**EXERCISE BRIEF:** In the records below, begin at the line that has "Remember, you're the" and stop after the line that has "Inventories being placed"; quote those lines verbatim and nothing more.

**RAW DATA:**
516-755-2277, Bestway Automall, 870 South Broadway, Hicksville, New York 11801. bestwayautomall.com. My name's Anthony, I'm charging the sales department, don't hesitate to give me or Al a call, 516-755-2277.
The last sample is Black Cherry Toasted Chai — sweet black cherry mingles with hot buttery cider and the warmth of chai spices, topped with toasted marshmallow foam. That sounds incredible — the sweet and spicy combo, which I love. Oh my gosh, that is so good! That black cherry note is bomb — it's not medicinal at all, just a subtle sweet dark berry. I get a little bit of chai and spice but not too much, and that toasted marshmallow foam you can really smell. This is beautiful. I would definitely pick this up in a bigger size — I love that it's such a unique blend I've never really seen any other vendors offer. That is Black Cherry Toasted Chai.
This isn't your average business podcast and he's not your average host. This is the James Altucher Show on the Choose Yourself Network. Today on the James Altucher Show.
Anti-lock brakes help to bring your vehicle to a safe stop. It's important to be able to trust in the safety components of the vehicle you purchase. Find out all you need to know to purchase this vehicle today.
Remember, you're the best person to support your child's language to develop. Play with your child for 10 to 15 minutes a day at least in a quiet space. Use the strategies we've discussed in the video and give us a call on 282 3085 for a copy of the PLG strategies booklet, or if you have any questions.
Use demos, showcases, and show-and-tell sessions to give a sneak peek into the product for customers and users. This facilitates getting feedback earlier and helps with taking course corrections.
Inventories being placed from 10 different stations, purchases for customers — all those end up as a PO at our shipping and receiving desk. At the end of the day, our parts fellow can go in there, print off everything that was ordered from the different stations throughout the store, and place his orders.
==
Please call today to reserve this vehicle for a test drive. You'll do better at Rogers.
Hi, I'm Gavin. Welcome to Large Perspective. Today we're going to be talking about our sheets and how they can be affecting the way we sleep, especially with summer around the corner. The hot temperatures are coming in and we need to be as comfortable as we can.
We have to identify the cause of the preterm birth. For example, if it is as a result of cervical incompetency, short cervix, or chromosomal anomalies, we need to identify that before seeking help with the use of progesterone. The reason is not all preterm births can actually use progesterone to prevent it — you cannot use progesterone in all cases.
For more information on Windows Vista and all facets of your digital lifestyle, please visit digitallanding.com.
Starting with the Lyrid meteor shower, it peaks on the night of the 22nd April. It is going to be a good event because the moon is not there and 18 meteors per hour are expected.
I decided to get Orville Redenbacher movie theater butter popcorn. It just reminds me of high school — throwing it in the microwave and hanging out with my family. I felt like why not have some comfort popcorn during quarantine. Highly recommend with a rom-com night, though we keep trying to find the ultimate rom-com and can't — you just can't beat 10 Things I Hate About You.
* * *
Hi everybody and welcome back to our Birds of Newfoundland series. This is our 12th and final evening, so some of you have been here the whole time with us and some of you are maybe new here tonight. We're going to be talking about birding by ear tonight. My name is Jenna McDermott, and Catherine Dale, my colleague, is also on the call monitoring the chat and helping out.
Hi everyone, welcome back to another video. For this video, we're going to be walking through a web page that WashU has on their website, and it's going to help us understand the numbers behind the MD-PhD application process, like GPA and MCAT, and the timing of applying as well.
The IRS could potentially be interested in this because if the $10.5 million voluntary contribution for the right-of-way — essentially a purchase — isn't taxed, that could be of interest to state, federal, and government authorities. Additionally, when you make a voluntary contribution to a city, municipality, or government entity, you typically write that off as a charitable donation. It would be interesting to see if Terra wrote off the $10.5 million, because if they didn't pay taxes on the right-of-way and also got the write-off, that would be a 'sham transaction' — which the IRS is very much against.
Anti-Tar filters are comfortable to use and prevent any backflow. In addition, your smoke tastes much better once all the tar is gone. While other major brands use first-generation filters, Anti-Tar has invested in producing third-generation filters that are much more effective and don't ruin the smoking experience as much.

**SOLUTION FOR THIS TASK:**
Remember, you're the best person to support your child's language to develop. Play with your child for 10 to 15 minutes a day at least in a quiet space. Use the strategies we've discussed in the video and give us a call on 282 3085 for a copy of the PLG strategies booklet, or if you have any questions.
Use demos, showcases, and show-and-tell sessions to give a sneak peek into the product for customers and users. This facilitates getting feedback earlier and helps with taking course corrections.
Inventories being placed from 10 different stations, purchases for customers — all those end up as a PO at our shipping and receiving desk. At the end of the day, our parts fellow can go in there, print off everything that was ordered from the different stations throughout the store, and place his orders.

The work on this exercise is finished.